Император заставил себя долго ждать. Прежде чем он появился, оба стула на сцене заняли Доминиций Корбулон, консул этого года, сводный брат Цезонии, и Сульпиций Гальба, бывший консул и наместник, образец лояльного и неподкупного служащего.

Потом перед собравшимися предстал и Калигула, одетый полководцем: в броне, красных сапогах и пурпурном плаще, прикрывавшем толстое обрюзгшее тело. Все поднялись в приветствии. Император лениво отмахнулся и опустился на импровизированный трон. За ним, как обычно, высилась охрана германцев, у каждого из которых правая рука с готовностью обхватывала рукоятку меча.

По знаку Калигулы со своего места поднялся консул Корбулон и прокричал в зал:

— Прежде чем мы займемся обсуждением положения, нам следует разоблачить двух предателей, которые находятся среди нас. Если у них хватит мужества добровольно признаться, то я предлагаю им выйти вперед.

Зал погрузился в мертвую тишину, не слышно было и шороха, все смотрели прямо на императора. Тот ухмыльнулся и произнес:

— Не трудись, консул, оба слишком трусливы.

Он указал рукой в первый ряд.

— Тут сидят они и трясутся за свою жизнь! Эмилий Лепид и Лентулий Гетулик, встаньте! Выйдите на два шага вперед, чтобы каждый мог полюбоваться на предателей.

Он махнул преторианцам.

— В цепи их! — император поднялся. — Вам, почтенным офицерам моей армии, я обязан объяснением, ведь предатель Гетулик до сегодняшнего дня был легатом легионов Верхней Германии, которых я не без причины перебросил в другое место. Потому что, к сожалению, они поддерживали потерявших честь и достоинство предателей, надеялись вместе с Гетуликом устранить меня, чтобы поднять на престол другого предателя — Эмилия Лепида. Верно я говорю, Лепид? Или это пустое подозрение, которому нет доказательств?

Лепид молчал, опустив голову. Император зло рассмеялся.

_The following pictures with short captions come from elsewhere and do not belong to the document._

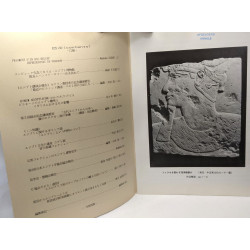 Japan egyptology association news - 3 exemplaires - N°5 1993 + N°6...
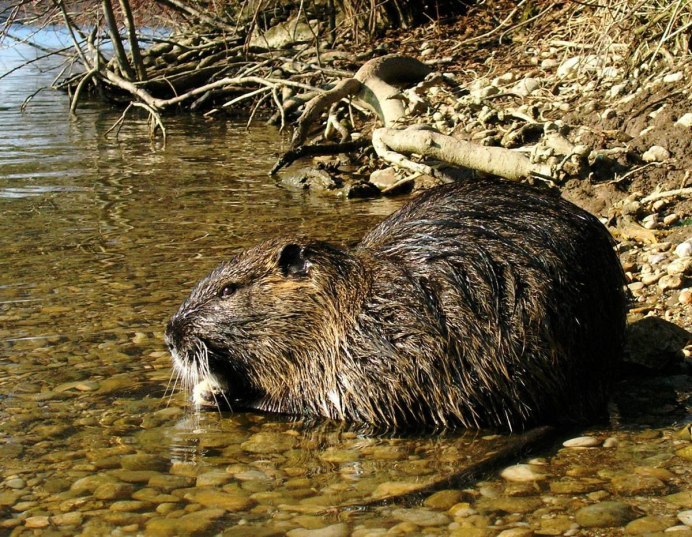 Водяная полевка или европейская водяная крыса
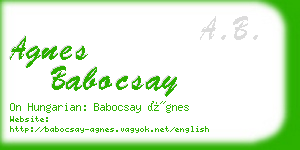 agnes babocsay business card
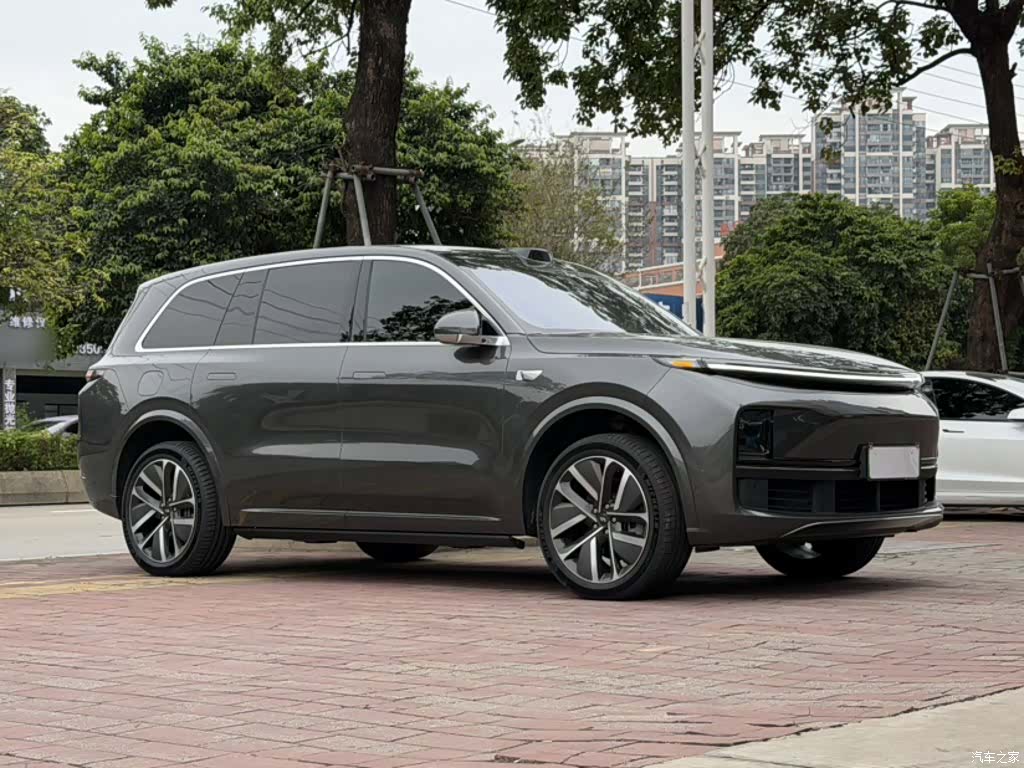 Li Auto L9, 2022 19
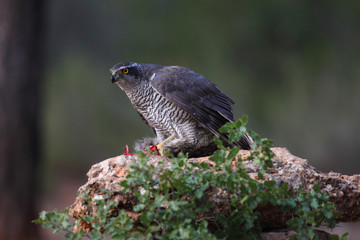 Hunting Eurasian goshawk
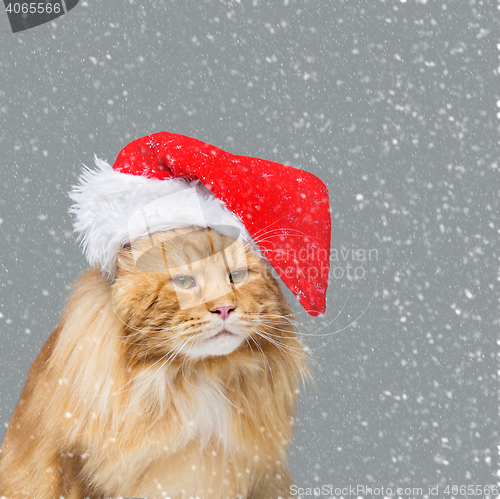 Image of Big ginger cat in christmas hat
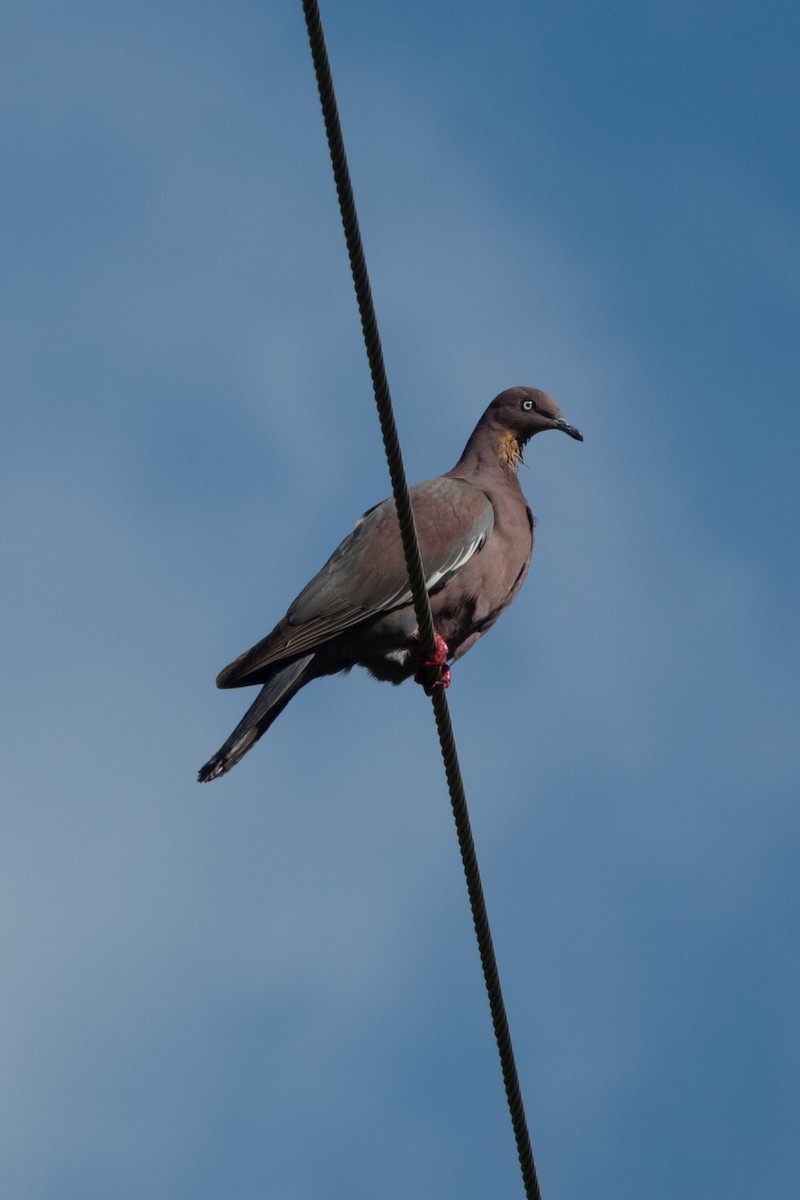 Plain Pigeon - ML634227738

— Отсутствие ответа — тоже ответ! Кто из вас думает, что заговор этих изменников раскрыт только сейчас, может успокоиться. За обоими я наблюдал уже в Риме, и у меня есть ряд писем, которые ясно и убедительно говорят об их виновности. Это письма Гетулика Лепиду и от Лепида к Агриппине, моей сестре, которая — как и Ливилла — замешана в позорном предательстве. Агриппина была любовницей Лепида и надеялась рядом с ним стать императрицей. Но мы не станем осуждать этих людей, прежде чем тяжесть их предательства не станет очевидной каждому из вас. Поэтому сейчас я зачитаю отрывки из тайной корреспонденции предателей и изменников.

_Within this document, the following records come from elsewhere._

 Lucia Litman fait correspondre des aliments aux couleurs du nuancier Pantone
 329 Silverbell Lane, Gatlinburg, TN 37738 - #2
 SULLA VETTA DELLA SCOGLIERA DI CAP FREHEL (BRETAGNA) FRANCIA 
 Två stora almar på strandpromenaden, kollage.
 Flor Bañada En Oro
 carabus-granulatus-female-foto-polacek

Калигула протянул руку к лежащим перед ним свиткам и выбрал один из них.

— Итак, слушайте! Год назад, когда предатель навещал легионы Гетулика, он написал Агриппине: «Я тоже принялся восхвалять Тиберия и описал ему пару „шуток“ нашего Сапожка. Генерал был настолько возмущен, что подскочил и взревел: „Почему никто не подойдет к чудовищу и не воткнет ему в грудь кинжал? Неужели в Риме не осталось мужчин?“»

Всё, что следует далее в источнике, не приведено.